Situation actuelle des extensions françaises

Il ressort des réponses que le « .fr » est globalement bien positionné et identifie l’origine française du nom de domaine. L’extension « .fr » a une image satisfaisante et positive, qui inspire confiance.

Critères d’éligibilité pour le .FR

Il n’y a pas de consensus sur cette question, certains (notamment des bureaux d’enregistrement) demandant une large ouverture, certains sont opposés à tout élargissement, d’autres ont des positions très mesurées, soulignant qu’une ouverture comporterait des avantages et des inconvénients.

Dans l’ensemble, les réponses recommandent une certaine retenue et prudence, pour ne pas altérer la fiabilité et la notoriété de l’image « nationale » véhiculée par le « .fr » et par crainte d’une augmentation du nombre de litiges.

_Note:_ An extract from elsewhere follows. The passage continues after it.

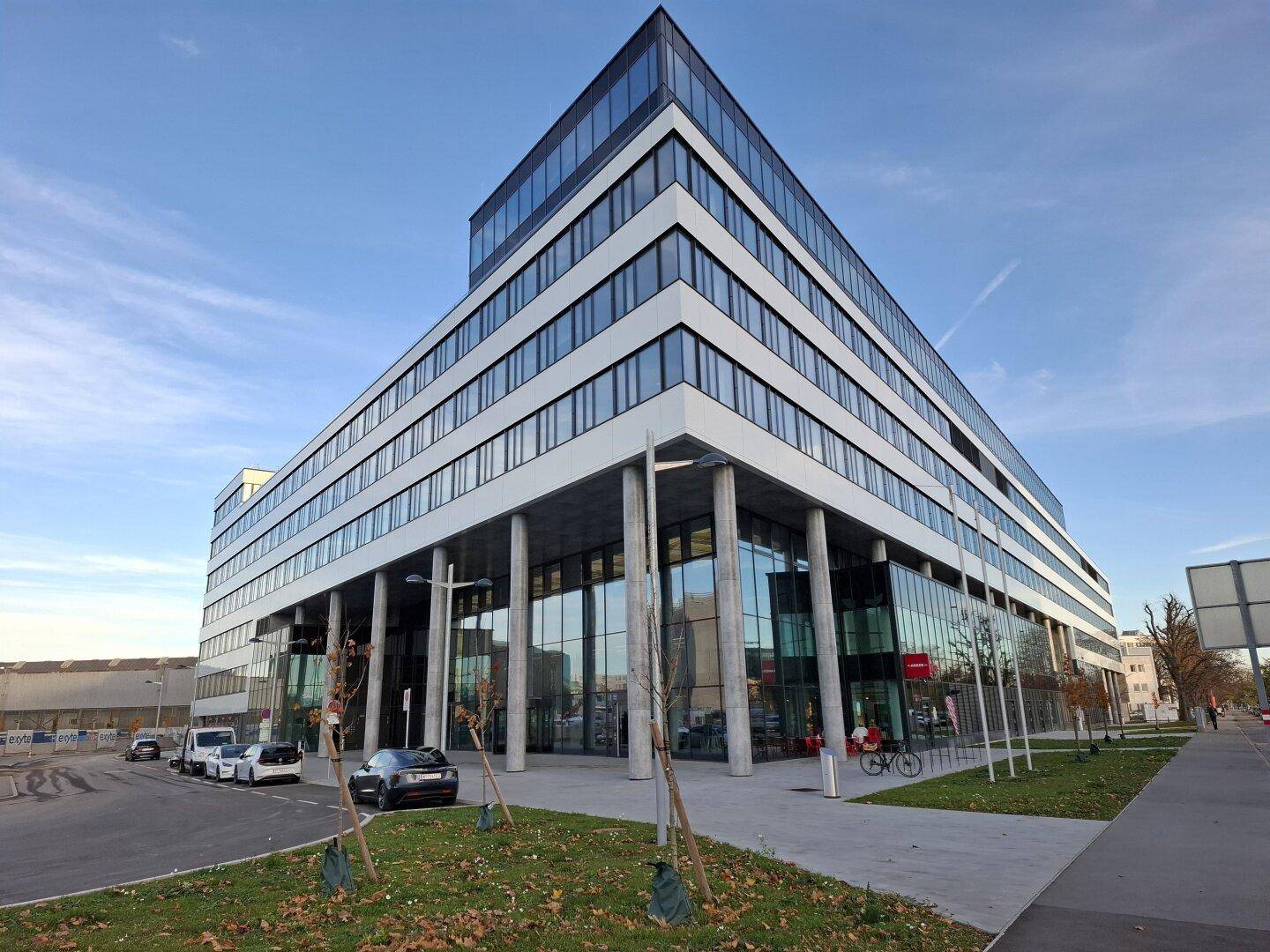 Großes, modernes Bürogebäude mit Glasfassade und klaren Linien, von der Straße aus gesehen.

Selon les contributeurs, cette demande émane d’acteurs européens souhaitant s’inscrire sous le « .fr », sans avoir d’implantation locale, pour s’adresser au marché français (vente par correspondance -cas signalé à la Réunion donc sous « .re ») ou pour toucher un public
francophone ou francophile.

Les arguments les plus cités contre l’ouverture sont la perte d’identification nationale de l’adresse, l’insécurité juridique croissante (méconnaissance du droit français par des acteurs étrangers, intervention de juridictions étrangères), l’augmentation du risque de
« cybersquatting » ou de « spams », découlant de l’impossibilité d’un contrôle des enregistrements aussi strict qu’actuellement, et la perte de qualité qui en résulterait, et enfin la concurrence inutile avec d’autres extensions (« .eu », « .com »), le « .fr » perdant sa
spécificité.

Les arguments en faveur d’une ouverture aux acteurs européens sont principalement l’augmentation du dynamisme et de la visibilité de l’extension « .fr », et le rapprochement avec les politiques suivies par les grandes extensions européennes.

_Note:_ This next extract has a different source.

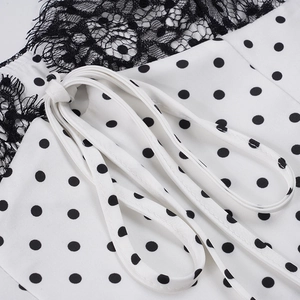 Detail of white satin polka dot camisole with black eyelash lace trim and self-tie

Par ailleurs, certains proposent d’ouvrir le « .fr » aux particuliers de moins de dix-huit ans
(qui peuvent déjà sans restriction et gratuitement s’ouvrir un compte chez Skyrock ou MSN
par exemple) et aux internautes francophones.

Création de nouveaux domaines génériques

La création de nouvelles extensions n’est souhaitée que par peu d’acteurs. Si leur intérêt est reconnu, beaucoup craignent que la multiplication des extensions n’entraine des confusions et des dérives, certains souhaitant que l’ouverture de nouvelles extensions se fasse avec prudence et progressivité.

Pour le règlement des litiges, un consensus se dégage en faveur des règles actuelles pratiquées
par l’Afnic sur le « .fr » et « .re ».